Exercise requirements: The listing is to be duplicated in full, exactly as written.

Records for this task:
>>>>
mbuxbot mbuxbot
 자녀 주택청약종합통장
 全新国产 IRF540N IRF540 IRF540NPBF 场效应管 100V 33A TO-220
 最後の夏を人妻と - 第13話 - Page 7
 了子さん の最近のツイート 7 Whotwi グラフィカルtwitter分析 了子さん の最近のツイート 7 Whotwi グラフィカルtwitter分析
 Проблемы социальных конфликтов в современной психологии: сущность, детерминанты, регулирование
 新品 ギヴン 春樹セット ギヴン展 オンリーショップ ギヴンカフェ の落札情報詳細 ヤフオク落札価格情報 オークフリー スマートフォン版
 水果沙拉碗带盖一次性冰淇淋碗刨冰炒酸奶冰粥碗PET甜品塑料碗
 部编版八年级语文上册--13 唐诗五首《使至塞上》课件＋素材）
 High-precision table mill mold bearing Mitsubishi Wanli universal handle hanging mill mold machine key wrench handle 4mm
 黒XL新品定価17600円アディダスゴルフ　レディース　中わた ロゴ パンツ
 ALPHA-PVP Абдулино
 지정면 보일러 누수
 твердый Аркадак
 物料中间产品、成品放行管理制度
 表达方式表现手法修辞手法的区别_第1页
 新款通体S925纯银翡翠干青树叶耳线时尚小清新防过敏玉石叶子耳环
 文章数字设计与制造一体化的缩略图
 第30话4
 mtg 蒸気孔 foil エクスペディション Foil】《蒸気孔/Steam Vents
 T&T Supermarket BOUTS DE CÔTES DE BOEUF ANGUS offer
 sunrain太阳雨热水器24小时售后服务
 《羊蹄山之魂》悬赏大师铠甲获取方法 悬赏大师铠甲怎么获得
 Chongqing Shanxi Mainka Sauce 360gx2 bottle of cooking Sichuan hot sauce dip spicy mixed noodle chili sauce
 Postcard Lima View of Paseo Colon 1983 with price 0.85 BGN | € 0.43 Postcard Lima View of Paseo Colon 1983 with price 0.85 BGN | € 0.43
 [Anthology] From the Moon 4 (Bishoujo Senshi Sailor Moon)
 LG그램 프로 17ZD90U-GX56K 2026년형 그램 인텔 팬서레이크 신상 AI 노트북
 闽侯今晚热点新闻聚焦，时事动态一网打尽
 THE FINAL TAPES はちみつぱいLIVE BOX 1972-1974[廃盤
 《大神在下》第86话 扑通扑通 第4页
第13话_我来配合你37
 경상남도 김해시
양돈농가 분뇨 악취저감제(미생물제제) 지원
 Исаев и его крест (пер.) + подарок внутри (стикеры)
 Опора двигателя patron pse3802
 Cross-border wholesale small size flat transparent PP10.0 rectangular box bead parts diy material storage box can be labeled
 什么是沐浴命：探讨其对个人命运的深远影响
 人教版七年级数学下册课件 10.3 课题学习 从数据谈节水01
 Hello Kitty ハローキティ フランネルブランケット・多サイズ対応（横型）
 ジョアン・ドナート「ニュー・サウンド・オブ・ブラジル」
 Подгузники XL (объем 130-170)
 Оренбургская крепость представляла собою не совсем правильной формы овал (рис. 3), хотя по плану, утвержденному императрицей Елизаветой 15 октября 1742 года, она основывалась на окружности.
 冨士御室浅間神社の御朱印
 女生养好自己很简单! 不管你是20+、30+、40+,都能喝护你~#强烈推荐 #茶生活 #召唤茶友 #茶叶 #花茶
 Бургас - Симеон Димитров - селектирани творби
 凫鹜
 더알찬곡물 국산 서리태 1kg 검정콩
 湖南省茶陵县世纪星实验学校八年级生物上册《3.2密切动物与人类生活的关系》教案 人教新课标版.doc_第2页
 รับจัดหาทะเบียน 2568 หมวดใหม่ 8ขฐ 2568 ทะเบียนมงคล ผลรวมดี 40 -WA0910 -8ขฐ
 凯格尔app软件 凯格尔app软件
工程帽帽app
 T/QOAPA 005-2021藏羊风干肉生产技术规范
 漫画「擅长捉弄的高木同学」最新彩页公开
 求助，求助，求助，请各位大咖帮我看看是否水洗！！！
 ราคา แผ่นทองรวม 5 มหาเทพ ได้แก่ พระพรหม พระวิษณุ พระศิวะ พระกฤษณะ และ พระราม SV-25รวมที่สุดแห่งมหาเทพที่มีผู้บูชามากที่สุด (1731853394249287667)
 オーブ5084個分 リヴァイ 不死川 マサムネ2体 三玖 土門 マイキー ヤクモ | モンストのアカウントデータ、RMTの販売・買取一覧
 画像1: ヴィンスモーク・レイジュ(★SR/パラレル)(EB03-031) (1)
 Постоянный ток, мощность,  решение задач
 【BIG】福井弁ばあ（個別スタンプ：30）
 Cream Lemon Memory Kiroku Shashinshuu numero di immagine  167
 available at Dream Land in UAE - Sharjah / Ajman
<<<<
Your solution:
mbuxbot mbuxbot
 자녀 주택청약종합통장
 全新国产 IRF540N IRF540 IRF540NPBF 场效应管 100V 33A TO-220
 最後の夏を人妻と - 第13話 - Page 7
 了子さん の最近のツイート 7 Whotwi グラフィカルtwitter分析 了子さん の最近のツイート 7 Whotwi グラフィカルtwitter分析
 Проблемы социальных конфликтов в современной психологии: сущность, детерминанты, регулирование
 新品 ギヴン 春樹セット ギヴン展 オンリーショップ ギヴンカフェ の落札情報詳細 ヤフオク落札価格情報 オークフリー スマートフォン版
 水果沙拉碗带盖一次性冰淇淋碗刨冰炒酸奶冰粥碗PET甜品塑料碗
 部编版八年级语文上册--13 唐诗五首《使至塞上》课件＋素材）
 High-precision table mill mold bearing Mitsubishi Wanli universal handle hanging mill mold machine key wrench handle 4mm
 黒XL新品定価17600円アディダスゴルフ　レディース　中わた ロゴ パンツ
 ALPHA-PVP Абдулино
 지정면 보일러 누수
 твердый Аркадак
 物料中间产品、成品放行管理制度
 表达方式表现手法修辞手法的区别_第1页
 新款通体S925纯银翡翠干青树叶耳线时尚小清新防过敏玉石叶子耳环
 文章数字设计与制造一体化的缩略图
 第30话4
 mtg 蒸気孔 foil エクスペディション Foil】《蒸気孔/Steam Vents
 T&T Supermarket BOUTS DE CÔTES DE BOEUF ANGUS offer
 sunrain太阳雨热水器24小时售后服务
 《羊蹄山之魂》悬赏大师铠甲获取方法 悬赏大师铠甲怎么获得
 Chongqing Shanxi Mainka Sauce 360gx2 bottle of cooking Sichuan hot sauce dip spicy mixed noodle chili sauce
 Postcard Lima View of Paseo Colon 1983 with price 0.85 BGN | € 0.43 Postcard Lima View of Paseo Colon 1983 with price 0.85 BGN | € 0.43
 [Anthology] From the Moon 4 (Bishoujo Senshi Sailor Moon)
 LG그램 프로 17ZD90U-GX56K 2026년형 그램 인텔 팬서레이크 신상 AI 노트북
 闽侯今晚热点新闻聚焦，时事动态一网打尽
 THE FINAL TAPES はちみつぱいLIVE BOX 1972-1974[廃盤
 《大神在下》第86话 扑通扑通 第4页
第13话_我来配合你37
 경상남도 김해시
양돈농가 분뇨 악취저감제(미생물제제) 지원
 Исаев и его крест (пер.) + подарок внутри (стикеры)
 Опора двигателя patron pse3802
 Cross-border wholesale small size flat transparent PP10.0 rectangular box bead parts diy material storage box can be labeled
 什么是沐浴命：探讨其对个人命运的深远影响
 人教版七年级数学下册课件 10.3 课题学习 从数据谈节水01
 Hello Kitty ハローキティ フランネルブランケット・多サイズ対応（横型）
 ジョアン・ドナート「ニュー・サウンド・オブ・ブラジル」
 Подгузники XL (объем 130-170)
 Оренбургская крепость представляла собою не совсем правильной формы овал (рис. 3), хотя по плану, утвержденному императрицей Елизаветой 15 октября 1742 года, она основывалась на окружности.
 冨士御室浅間神社の御朱印
 女生养好自己很简单! 不管你是20+、30+、40+,都能喝护你~#强烈推荐 #茶生活 #召唤茶友 #茶叶 #花茶
 Бургас - Симеон Димитров - селектирани творби
 凫鹜
 더알찬곡물 국산 서리태 1kg 검정콩
 湖南省茶陵县世纪星实验学校八年级生物上册《3.2密切动物与人类生活的关系》教案 人教新课标版.doc_第2页
 รับจัดหาทะเบียน 2568 หมวดใหม่ 8ขฐ 2568 ทะเบียนมงคล ผลรวมดี 40 -WA0910 -8ขฐ
 凯格尔app软件 凯格尔app软件
工程帽帽app
 T/QOAPA 005-2021藏羊风干肉生产技术规范
 漫画「擅长捉弄的高木同学」最新彩页公开
 求助，求助，求助，请各位大咖帮我看看是否水洗！！！
 ราคา แผ่นทองรวม 5 มหาเทพ ได้แก่ พระพรหม พระวิษณุ พระศิวะ พระกฤษณะ และ พระราม SV-25รวมที่สุดแห่งมหาเทพที่มีผู้บูชามากที่สุด (1731853394249287667)
 オーブ5084個分 リヴァイ 不死川 マサムネ2体 三玖 土門 マイキー ヤクモ | モンストのアカウントデータ、RMTの販売・買取一覧
 画像1: ヴィンスモーク・レイジュ(★SR/パラレル)(EB03-031) (1)
 Постоянный ток, мощность,  решение задач
 【BIG】福井弁ばあ（個別スタンプ：30）
 Cream Lemon Memory Kiroku Shashinshuu numero di immagine  167
 available at Dream Land in UAE - Sharjah / Ajman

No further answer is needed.